The roadshow ahead of the largest technology IPO in history officially gets underway today in New York. Facebook executives will meet with investment banks, large money management firms and private investors to generate money and drum up hype leading to their expected initial public offering on May 18th. The social media king —which will list under ticker symbol (FB)— is targeting a share price range from $28 to $35 a piece, giving the company an implied valuation between $77 billion to $96 billion.
The question facing investors large and small is whether the high valuation will pay off after the hype settles down.
Last month Facebook filed their first public quarterly earnings report, showing a dip in sales and profit. Total revenues came in light at $1.06 billion for the first-quarter versus $1.3 billion in Q4. For IPO watchers like Francis Gaskins of IPODesktop.com, these numbers are a flashing warning sign.
"What a lot of people don't realize is they missed their (earnings) estimates," he states, also pointing out that 2011's total revenue of $3.7 billion was significantly weaker than the $4.3 billion estimate.
"There's no growth there right now based on the numbers. They're basically trying to reinvent themselves, saying 'trust me' they can monetize their 901 million users," says Gaskins. "But they don't really have a track record of success with their new endeavors."

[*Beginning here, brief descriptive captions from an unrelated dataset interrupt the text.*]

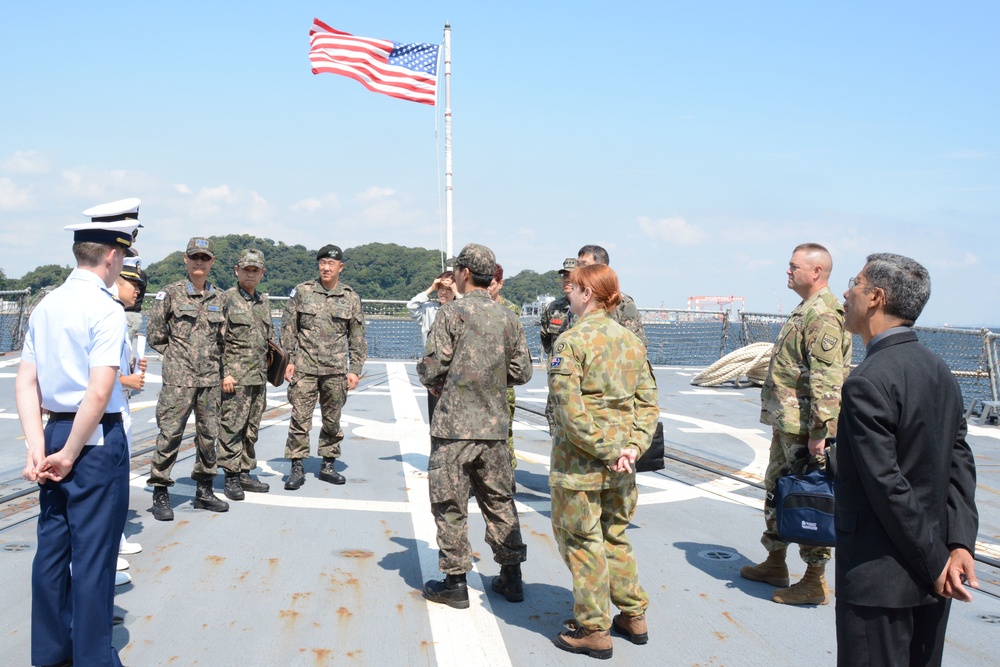 USS McCampbell ship tour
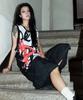 Deumakeu Street Graffiti Oversize Sleeveless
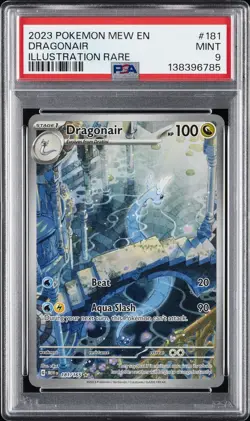 2023 POKEMON MEW EN-151 ILLUSTRATION RARE #181 DRAGONAIR PSA 9 - Image 1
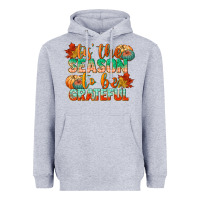 Heather Grey tis the season to be grateful Heavyweight Hoodie - CowGirlArtShop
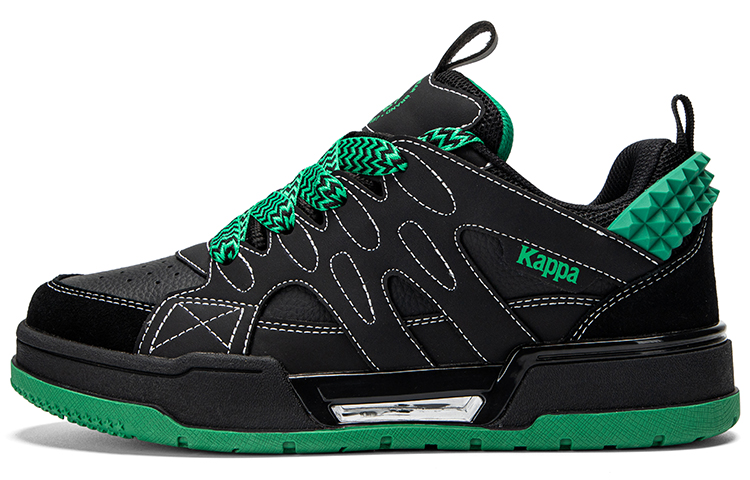 Kappa Anti Slip Wear Resistant Low Top Skateboard Shoes Men's Green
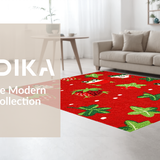Ultra Soft Area Rug, Non Slip, Stain Resistant, Washable Area Rugs for Living Room, Bedroom, Delightful Cartoonish Animal Print(Red)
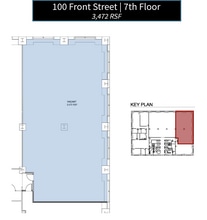 100 Front St, Worcester, MA à louer Plan d’étage– Image 1 sur 1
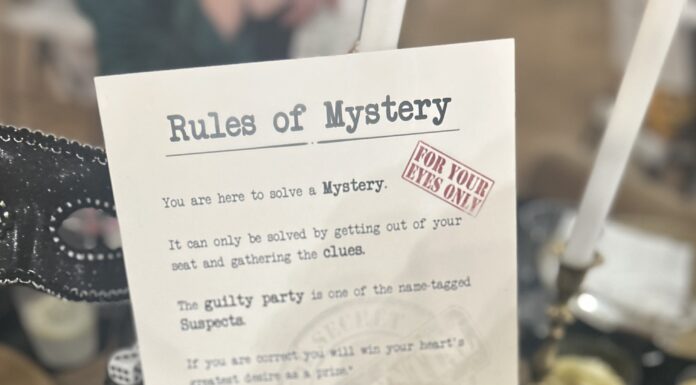 Murder mystery dinner raises funds for library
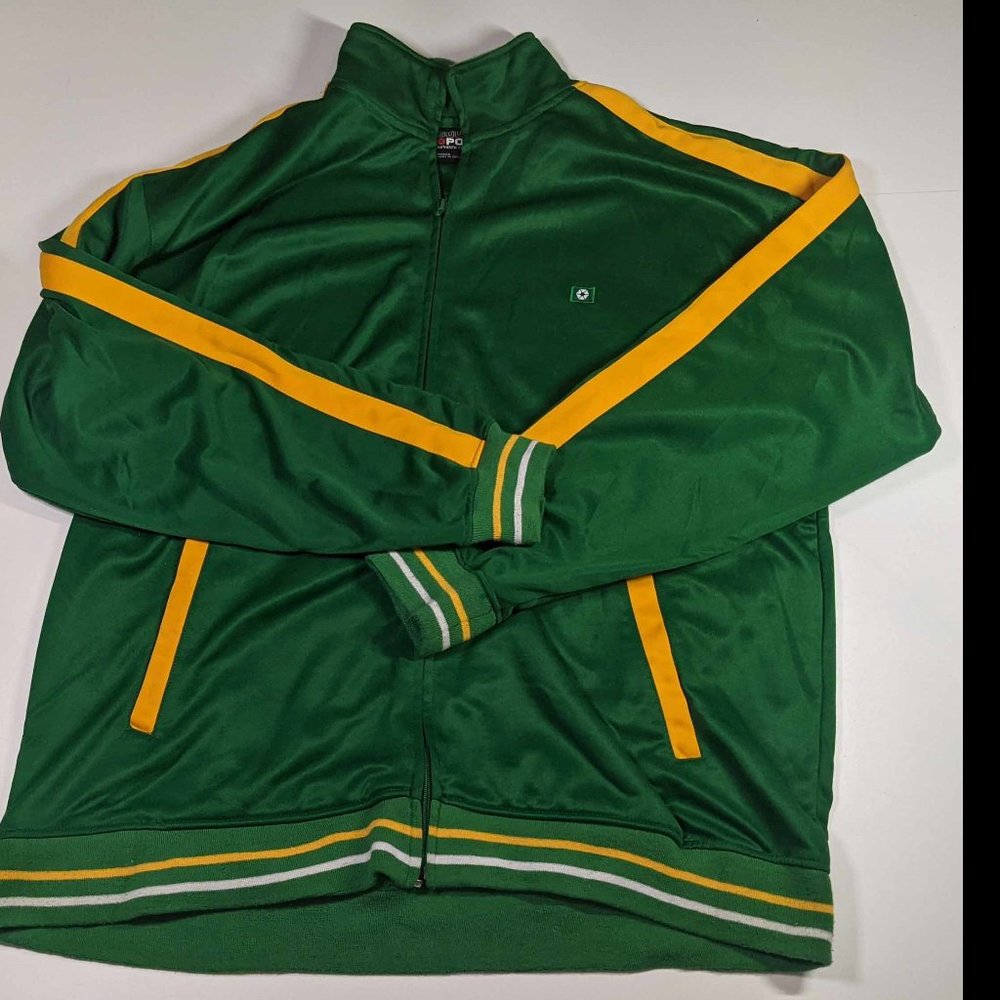 GREEN SOUTH POLE TRACK JACKET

Gaskins believes eventually the earnings numbers, and maybe more knee-jerk acquisitions, will catch up. But that's not until after the roadshow, the IPO, and a couple of weeks of obsessively tracking FB's share price. He describes investor appetite right now as "almost religious," and that's exactly what Facebook is trying to capitalize on. The company wants their "over-enthusiatic users" to buy, hold, and never sell.
"And then you have the other people who are skeptical, hardcore analysts that want to see a little proof before they buy the projections," he explains. "So there's a real push-pull."